• **WHAT TO WORK ON**
Output exactly the lines below, starting with the line that has "HSM EO キヤノン用" and going on through the line that has "Billy-English-Bulldog-2-1.webp Billy-English-Bulldog-2-1.webp", both included, and no other lines.

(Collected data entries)
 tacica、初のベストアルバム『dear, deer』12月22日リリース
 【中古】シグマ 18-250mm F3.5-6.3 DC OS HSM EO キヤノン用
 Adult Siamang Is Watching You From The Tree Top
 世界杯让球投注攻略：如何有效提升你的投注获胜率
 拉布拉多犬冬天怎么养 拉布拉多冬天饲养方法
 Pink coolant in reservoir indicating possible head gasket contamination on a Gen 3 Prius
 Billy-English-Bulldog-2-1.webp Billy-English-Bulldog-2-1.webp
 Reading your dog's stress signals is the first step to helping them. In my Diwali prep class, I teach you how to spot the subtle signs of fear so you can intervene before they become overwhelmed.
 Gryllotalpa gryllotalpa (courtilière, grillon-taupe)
---
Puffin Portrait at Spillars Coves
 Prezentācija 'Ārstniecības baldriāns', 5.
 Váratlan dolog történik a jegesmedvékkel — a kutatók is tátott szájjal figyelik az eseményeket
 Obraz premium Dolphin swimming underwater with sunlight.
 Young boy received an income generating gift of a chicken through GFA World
--
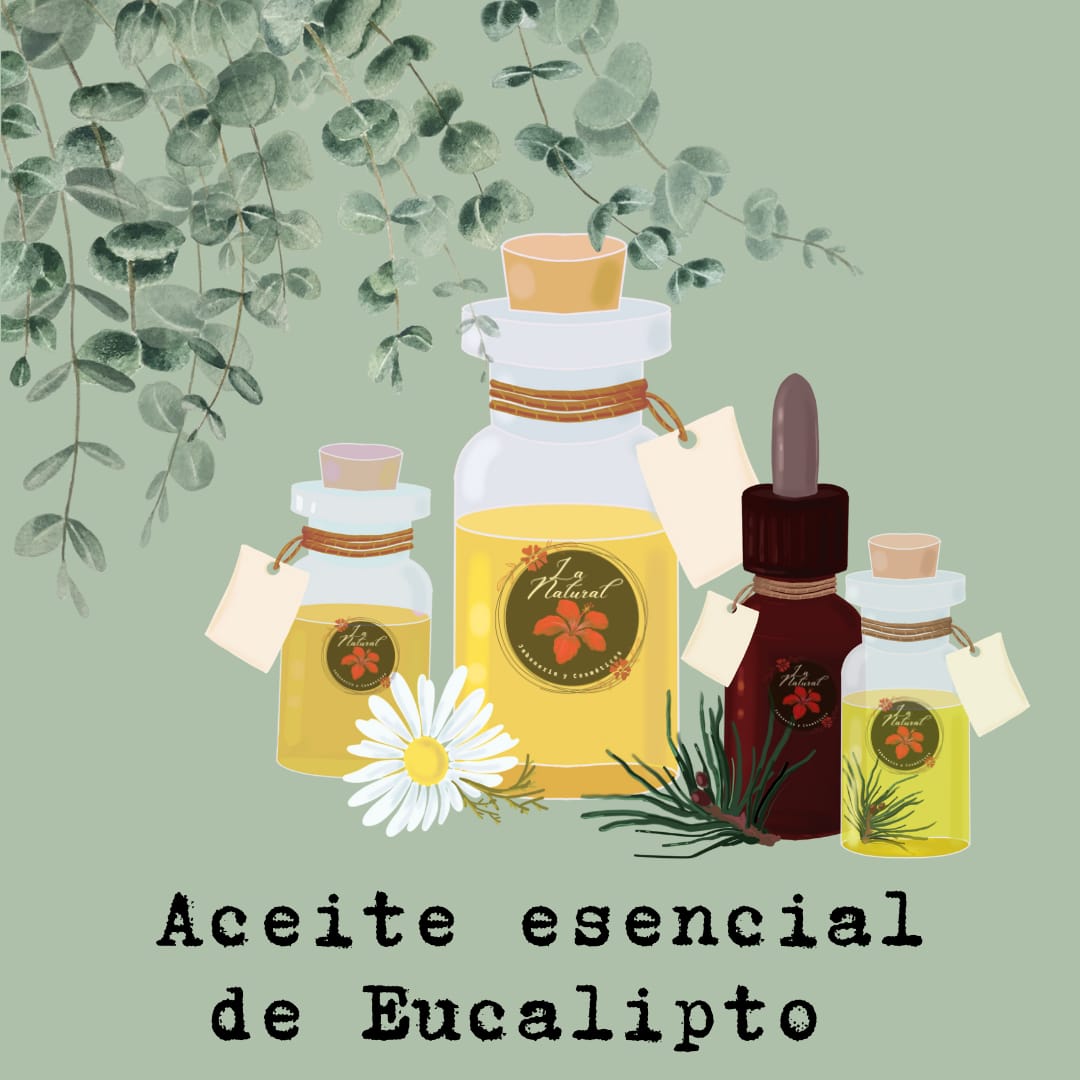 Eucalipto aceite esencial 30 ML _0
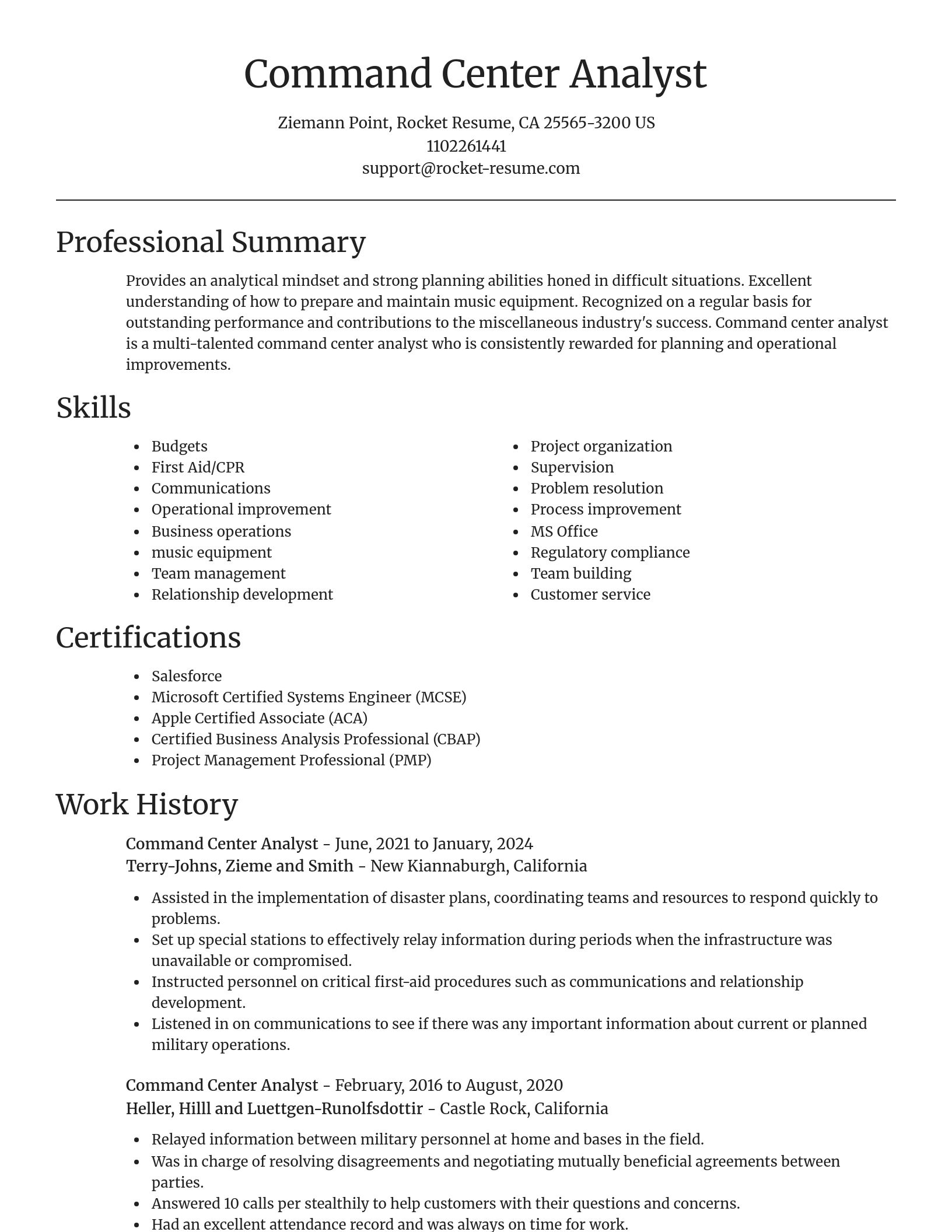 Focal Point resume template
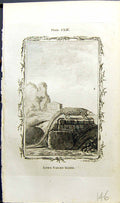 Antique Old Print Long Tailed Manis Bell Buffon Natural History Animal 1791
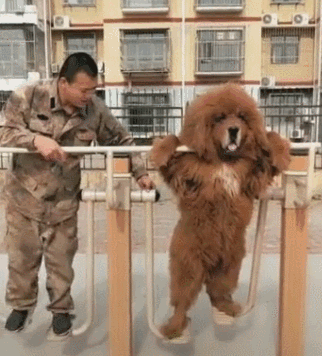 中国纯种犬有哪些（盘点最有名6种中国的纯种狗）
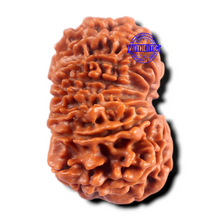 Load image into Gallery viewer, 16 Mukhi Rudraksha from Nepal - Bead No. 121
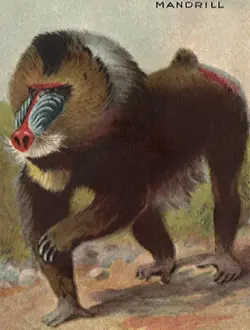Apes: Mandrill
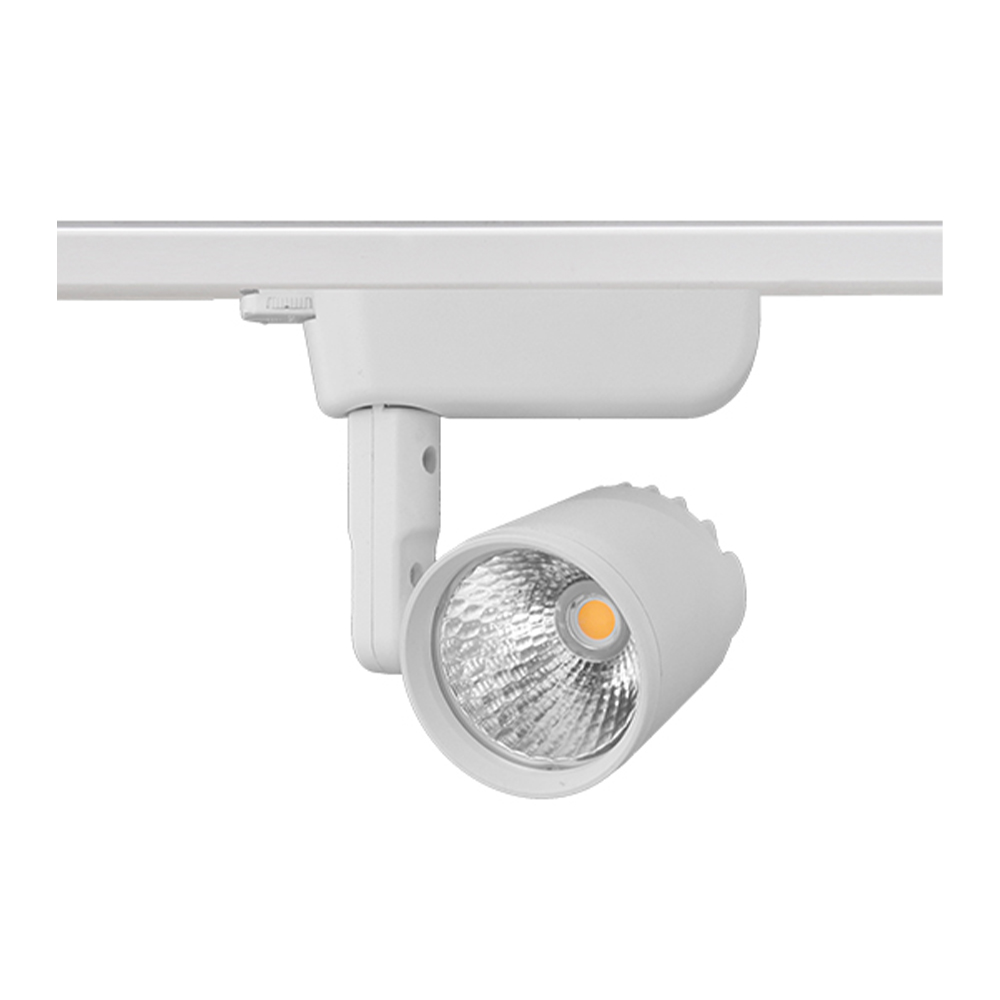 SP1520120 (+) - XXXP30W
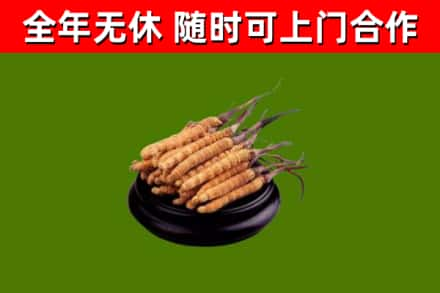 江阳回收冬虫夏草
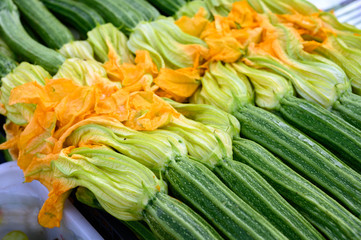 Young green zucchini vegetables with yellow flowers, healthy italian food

• **RESULT OF THIS TASK**
 【中古】シグマ 18-250mm F3.5-6.3 DC OS HSM EO キヤノン用
 Adult Siamang Is Watching You From The Tree Top
 世界杯让球投注攻略：如何有效提升你的投注获胜率
 拉布拉多犬冬天怎么养 拉布拉多冬天饲养方法
 Pink coolant in reservoir indicating possible head gasket contamination on a Gen 3 Prius
 Billy-English-Bulldog-2-1.webp Billy-English-Bulldog-2-1.webp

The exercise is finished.